You are wrong. Some of those features need library support.
> I'd be surprised if any serios C++ program worked without libstdc++!
Surprise! lftp is a very nice OO ftp client, and it works. And I have done
what I stated in the previous email for a long time!
> > 1) Compile with -fno-rtti -fno-exceptions, this will also save some space.
> Some programs use rtti and some programs use exceptions. The space savings
> from RTTI is trivial enough that I don't worry however exceptions can have
> a huge overhead sometimes. The newest egcs seems substantially better
> however to the point that I'm not concerned :>
Yep. But with those options you gen smaller code. Period.

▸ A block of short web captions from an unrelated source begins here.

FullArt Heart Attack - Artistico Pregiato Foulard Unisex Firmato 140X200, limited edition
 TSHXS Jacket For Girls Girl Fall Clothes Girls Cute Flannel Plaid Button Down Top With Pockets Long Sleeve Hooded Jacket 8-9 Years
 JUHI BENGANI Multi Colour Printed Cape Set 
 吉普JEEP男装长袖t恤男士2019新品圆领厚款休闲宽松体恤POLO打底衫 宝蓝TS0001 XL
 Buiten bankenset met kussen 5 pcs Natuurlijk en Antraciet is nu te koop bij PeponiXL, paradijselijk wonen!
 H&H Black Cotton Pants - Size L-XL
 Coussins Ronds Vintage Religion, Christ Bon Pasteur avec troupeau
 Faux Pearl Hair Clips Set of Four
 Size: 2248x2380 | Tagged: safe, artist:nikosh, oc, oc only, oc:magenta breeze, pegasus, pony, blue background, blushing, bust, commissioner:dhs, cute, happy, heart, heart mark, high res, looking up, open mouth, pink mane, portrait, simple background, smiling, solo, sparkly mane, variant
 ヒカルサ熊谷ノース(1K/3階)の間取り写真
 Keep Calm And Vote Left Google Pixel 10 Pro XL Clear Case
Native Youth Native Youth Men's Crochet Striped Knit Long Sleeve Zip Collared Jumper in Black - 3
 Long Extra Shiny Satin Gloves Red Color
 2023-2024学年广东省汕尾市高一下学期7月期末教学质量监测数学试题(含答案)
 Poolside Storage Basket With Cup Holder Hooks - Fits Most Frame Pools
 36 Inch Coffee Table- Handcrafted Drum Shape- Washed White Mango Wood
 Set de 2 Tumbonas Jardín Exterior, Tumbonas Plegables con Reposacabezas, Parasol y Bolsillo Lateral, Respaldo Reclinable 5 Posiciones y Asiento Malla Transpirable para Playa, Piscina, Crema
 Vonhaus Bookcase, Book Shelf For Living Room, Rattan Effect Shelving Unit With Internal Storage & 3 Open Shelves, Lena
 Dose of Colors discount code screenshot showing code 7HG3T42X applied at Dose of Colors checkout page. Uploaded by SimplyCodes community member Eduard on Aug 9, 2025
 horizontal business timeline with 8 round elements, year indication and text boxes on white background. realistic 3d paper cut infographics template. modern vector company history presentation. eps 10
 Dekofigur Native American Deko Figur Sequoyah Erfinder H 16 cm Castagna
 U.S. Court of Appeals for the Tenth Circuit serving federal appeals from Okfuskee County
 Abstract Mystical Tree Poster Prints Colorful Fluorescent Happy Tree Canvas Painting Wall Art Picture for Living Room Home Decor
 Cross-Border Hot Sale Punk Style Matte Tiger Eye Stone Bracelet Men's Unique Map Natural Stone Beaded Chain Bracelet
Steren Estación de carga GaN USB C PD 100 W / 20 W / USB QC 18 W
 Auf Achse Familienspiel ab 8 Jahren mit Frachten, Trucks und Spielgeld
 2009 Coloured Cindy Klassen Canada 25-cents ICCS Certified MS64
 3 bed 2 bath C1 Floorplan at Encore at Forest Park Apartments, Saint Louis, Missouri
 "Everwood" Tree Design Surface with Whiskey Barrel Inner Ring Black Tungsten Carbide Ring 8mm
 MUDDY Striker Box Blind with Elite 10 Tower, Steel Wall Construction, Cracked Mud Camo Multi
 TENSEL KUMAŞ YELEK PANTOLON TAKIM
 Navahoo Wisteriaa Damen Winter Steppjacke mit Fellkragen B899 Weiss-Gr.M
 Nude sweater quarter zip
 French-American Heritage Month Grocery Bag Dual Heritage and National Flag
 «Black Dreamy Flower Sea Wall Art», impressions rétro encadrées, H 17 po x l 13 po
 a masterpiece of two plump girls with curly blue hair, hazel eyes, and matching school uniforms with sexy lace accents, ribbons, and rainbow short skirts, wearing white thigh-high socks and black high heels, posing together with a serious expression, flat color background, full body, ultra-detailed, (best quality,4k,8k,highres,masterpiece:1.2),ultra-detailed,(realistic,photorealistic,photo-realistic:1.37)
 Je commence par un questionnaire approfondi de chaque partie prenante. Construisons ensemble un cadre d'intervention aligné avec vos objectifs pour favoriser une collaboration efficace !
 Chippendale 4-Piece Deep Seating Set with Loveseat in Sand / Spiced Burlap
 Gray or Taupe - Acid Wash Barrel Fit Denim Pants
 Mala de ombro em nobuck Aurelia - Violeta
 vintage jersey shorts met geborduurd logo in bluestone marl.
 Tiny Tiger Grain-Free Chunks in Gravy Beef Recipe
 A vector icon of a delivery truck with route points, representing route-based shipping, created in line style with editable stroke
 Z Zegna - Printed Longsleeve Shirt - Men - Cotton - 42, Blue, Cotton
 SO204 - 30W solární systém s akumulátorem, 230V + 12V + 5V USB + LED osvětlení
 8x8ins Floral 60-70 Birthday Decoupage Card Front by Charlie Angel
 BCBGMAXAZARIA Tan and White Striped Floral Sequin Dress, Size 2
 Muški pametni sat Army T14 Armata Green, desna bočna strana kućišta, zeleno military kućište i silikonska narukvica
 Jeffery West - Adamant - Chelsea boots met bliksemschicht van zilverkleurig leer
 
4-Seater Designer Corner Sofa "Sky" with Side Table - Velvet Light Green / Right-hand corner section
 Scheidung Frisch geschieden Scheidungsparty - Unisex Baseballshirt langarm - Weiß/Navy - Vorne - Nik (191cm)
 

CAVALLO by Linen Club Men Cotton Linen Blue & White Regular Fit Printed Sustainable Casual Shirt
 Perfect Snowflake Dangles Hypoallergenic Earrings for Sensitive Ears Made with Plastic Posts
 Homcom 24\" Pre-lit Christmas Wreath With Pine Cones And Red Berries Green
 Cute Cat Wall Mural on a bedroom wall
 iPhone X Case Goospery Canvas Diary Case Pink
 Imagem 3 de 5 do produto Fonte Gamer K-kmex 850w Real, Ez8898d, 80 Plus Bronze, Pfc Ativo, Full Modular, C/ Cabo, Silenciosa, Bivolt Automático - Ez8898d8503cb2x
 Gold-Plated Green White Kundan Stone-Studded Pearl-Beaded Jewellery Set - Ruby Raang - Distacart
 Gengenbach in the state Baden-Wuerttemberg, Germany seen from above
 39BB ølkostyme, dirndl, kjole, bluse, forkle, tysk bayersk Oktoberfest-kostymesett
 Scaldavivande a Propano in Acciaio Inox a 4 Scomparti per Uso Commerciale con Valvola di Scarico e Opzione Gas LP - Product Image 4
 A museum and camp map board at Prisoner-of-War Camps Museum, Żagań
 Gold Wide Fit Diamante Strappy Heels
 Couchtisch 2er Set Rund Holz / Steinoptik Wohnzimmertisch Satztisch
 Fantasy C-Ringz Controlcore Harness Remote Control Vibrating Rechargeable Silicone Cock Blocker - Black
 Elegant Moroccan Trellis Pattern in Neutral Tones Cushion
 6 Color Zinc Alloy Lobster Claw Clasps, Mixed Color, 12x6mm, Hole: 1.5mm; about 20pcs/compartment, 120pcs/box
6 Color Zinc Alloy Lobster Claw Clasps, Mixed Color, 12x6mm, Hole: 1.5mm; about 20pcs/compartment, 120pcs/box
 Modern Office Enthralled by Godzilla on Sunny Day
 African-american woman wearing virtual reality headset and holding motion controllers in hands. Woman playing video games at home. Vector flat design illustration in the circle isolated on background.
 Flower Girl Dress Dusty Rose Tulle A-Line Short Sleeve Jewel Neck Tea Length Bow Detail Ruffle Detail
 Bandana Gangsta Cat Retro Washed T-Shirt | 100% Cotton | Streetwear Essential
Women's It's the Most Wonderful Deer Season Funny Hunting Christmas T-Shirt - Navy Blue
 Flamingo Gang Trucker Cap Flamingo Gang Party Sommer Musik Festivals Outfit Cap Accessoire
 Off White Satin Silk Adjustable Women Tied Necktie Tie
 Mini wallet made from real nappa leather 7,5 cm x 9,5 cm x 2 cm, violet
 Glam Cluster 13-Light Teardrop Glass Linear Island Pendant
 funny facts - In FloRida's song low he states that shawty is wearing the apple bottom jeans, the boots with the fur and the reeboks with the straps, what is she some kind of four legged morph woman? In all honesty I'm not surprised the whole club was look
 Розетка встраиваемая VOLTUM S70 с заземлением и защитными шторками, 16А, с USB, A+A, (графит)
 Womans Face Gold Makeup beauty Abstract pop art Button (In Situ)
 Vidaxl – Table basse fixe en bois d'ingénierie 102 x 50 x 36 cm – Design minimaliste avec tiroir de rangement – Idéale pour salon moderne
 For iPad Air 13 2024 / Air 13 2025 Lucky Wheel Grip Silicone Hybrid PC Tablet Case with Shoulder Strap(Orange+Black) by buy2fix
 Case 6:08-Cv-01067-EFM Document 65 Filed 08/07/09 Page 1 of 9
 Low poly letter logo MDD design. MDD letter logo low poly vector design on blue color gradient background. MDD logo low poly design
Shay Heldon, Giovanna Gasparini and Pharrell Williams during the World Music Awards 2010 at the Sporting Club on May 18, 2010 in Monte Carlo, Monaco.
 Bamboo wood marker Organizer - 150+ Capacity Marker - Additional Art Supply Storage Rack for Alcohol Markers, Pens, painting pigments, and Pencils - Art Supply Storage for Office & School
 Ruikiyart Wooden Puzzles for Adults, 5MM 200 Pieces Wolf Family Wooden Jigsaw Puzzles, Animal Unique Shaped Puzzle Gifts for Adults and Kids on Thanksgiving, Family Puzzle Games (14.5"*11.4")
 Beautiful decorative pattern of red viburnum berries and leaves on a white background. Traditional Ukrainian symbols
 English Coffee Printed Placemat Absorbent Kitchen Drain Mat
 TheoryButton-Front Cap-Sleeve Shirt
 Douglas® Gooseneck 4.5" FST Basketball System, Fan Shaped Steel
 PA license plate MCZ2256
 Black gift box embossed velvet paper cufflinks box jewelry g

> > 2) In debian/rules, just after `make' remove the binaries built, and
> > run `make CPP=cc'.
> >
> > Example from lftp's debian/rules:
> >
> > make CXXFLAGS="-O -Wall -fno-exceptions -fno-rtti"
> > rm src/lftp src/ftpget
> > make -C src CXX=gcc CXXFLAGS="-O -Wall -fno-exceptions -fno-rtti"
> ^^^^^^^^^
>
> Don't you dare! I can't imagine that actually -works-! The Debian C++
> compiler is g++ (or c++ or eg++) which happens to map to EGCS 1.1. The
> Debian C compiler is gcc which is GCC 2.7 compiling c++ binaries with the
> old gcc should be advoided as much as possible, especially since the old
> compiler cannot understand the include files in libstdc++2.8/2.9 and
> cannot generate compatible binaries.
Read it again. I'm forcing make to only *relink* the binaries. I specify
gcc because I like lftp to be linked against the normal C libraries only.
> You'll actually find that egcs generates substantially smaller binaries
> than gcc in alot of cases. Just to illistrate a point here are the sizes
> for APT compiled with eg++ 1.0 (hamm),
>
> text data bss dec hex filename
> 97563 28828 176 126567 1ee67 /usr/bin/apt-get
> 75173 22324 148 97645 17d6d /usr/bin/apt-cache
>
> Here are the sizes for eg++ 1.1 (slink),
> text data bss dec hex filename
> 43667 6484 420 50571 c58b apt-get
> 29660 4348 116 34124 854c apt-cache
>
> Notice a slight difference? :> -fno-exceptions makes a small but not
> really worthwhile reduction in size.
Very interesting, but that wasn't the point of my message.